Temperature-controlled polymorphism of chiral Cu(II)-Ln(III) dinuclear complexes exhibiting slow magnetic relaxation.

A new family of 3d-4f dinuclear complexes derived from a chiral Schiff-base ligand, (R,R)-N,N'-bis(3-methoxysalicylidene)cyclohexane-1,2-diamine (H2L), has been synthesized and structurally characterized, namely, [Cu(L)Ln(NO3)3(H2O)] (Ln = Ce (1) and Nd (2)), [Cu(L)Sm(NO3)3]·2CH3CN (3) and [Cu(L)Ln(NO3)3] (Ln = Eu (4), Gd (5 and 5'), Tb (6 and 6'), Dy (7 and 7'), Ho (8), Er (9) and Yb (10)).

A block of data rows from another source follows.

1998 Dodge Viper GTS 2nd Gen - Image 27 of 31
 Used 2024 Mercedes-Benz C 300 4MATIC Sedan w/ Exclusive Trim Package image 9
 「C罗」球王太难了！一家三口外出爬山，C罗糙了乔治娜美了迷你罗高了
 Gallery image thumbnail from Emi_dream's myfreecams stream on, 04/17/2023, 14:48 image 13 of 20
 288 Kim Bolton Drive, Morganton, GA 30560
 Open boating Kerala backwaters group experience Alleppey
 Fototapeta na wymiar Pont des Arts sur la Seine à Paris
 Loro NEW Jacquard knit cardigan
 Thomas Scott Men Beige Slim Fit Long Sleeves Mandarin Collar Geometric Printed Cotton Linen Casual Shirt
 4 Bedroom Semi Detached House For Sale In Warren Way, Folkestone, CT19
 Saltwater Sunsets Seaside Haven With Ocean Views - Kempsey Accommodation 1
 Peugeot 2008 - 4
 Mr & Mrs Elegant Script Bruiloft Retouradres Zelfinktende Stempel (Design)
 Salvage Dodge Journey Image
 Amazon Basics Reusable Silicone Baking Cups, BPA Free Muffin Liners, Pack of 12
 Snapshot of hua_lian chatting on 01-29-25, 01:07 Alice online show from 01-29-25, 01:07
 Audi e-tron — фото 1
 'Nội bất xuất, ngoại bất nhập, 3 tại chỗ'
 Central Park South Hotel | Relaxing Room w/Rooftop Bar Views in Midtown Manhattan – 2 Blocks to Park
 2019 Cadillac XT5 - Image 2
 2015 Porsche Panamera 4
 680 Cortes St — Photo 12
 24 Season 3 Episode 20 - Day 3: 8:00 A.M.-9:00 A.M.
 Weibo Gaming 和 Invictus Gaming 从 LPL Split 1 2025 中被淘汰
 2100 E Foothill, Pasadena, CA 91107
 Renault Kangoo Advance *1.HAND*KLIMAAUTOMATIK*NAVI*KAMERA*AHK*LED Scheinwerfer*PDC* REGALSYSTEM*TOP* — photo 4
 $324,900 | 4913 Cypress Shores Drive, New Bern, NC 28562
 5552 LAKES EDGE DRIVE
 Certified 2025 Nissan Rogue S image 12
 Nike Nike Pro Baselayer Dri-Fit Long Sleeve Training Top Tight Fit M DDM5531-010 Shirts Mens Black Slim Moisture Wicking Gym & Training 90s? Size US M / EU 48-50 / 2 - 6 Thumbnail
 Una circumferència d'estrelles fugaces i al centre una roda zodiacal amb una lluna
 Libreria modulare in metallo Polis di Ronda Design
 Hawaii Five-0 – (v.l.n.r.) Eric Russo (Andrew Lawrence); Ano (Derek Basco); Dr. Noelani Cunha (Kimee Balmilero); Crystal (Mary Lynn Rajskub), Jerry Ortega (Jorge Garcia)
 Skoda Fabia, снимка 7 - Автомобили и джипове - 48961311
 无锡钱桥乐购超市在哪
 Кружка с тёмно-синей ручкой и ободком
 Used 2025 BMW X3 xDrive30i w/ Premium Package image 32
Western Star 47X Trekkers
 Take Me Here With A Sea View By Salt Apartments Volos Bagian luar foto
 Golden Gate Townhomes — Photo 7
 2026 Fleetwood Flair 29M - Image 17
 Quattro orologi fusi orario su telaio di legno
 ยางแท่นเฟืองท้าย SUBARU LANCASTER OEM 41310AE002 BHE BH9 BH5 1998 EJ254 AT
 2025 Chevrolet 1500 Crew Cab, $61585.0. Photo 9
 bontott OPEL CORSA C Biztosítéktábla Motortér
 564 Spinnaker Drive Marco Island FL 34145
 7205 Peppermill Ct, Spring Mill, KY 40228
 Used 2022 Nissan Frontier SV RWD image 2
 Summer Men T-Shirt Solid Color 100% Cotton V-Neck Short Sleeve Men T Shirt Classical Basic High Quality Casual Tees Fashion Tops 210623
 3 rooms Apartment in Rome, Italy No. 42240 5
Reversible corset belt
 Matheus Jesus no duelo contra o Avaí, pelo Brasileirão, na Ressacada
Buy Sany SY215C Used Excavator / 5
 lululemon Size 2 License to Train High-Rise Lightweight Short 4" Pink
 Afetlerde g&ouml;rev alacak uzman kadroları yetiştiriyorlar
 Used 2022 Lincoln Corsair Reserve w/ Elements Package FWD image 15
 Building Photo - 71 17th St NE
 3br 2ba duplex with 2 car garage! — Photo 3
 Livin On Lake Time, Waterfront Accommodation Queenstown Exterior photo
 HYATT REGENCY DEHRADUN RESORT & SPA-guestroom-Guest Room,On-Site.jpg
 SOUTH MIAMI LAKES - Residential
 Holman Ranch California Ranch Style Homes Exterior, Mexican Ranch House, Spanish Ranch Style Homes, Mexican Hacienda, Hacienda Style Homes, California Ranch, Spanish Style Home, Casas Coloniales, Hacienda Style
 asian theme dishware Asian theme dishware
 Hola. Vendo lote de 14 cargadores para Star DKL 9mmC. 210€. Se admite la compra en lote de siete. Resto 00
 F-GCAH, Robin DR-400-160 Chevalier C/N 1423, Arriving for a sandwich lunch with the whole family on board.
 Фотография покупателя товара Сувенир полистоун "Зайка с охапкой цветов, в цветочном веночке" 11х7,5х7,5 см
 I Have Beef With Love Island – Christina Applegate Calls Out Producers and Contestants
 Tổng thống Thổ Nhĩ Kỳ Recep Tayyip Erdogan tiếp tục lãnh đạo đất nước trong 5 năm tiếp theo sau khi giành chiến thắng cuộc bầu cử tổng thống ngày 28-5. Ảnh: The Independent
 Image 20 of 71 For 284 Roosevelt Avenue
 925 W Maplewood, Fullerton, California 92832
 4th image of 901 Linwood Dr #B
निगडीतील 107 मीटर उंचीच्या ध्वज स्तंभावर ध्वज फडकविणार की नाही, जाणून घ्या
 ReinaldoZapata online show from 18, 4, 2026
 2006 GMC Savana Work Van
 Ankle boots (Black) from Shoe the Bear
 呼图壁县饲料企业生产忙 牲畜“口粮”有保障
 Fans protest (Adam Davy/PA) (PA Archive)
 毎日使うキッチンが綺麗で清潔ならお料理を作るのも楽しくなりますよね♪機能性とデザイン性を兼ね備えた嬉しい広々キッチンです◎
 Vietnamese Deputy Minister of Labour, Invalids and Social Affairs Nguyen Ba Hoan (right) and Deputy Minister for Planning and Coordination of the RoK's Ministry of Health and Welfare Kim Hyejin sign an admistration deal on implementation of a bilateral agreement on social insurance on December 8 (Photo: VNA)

Structural determination revealed that these complexes are composed of two diphenoxo-bridged Cu(II)-Ln(III) dinuclear clusters with slight structural differences. Complexes 1, 2 and 4-7 crystallize in the chiral space group P1, and the space group of 3 is P2₁, while the other six complexes (5'-7' and 8-10) are isomorphous and each of them contains two slightly different Cu(II)-Ln(III) dinuclear clusters in the asymmetric unit with the chiral space group P2₁. Magnetic investigations showed that ferromagnetic couplings between the Cu(II) and Ln(III) ions exist in 5-7 and 5'-7'. Moreover, the alternating current (ac) magnetic susceptibilities of 6, 6', 7 and 7' showed that both the in-phase (χ') and out-of-phase (χ'') are frequency- and temperature-dependent with a series of frequency-dependent peaks for the χ'', which being typical features of field-induced slow magnetic relaxation phenomena. For 8, a frequency dependent χ' with peaks but χ'' without peaks appeared; however, the compound displays field-induced slow magnetic relaxation behavior. Furthermore, no obvious frequency-dependent ac signal was observed in 9 owing to the absence of the easy-axis anisotropy. More significantly, we observed the temperature-controlled reversible conversion from one chiral single-crystal (5-7) to another chiral single-crystal (5'-7') exhibiting slow magnetic relaxation.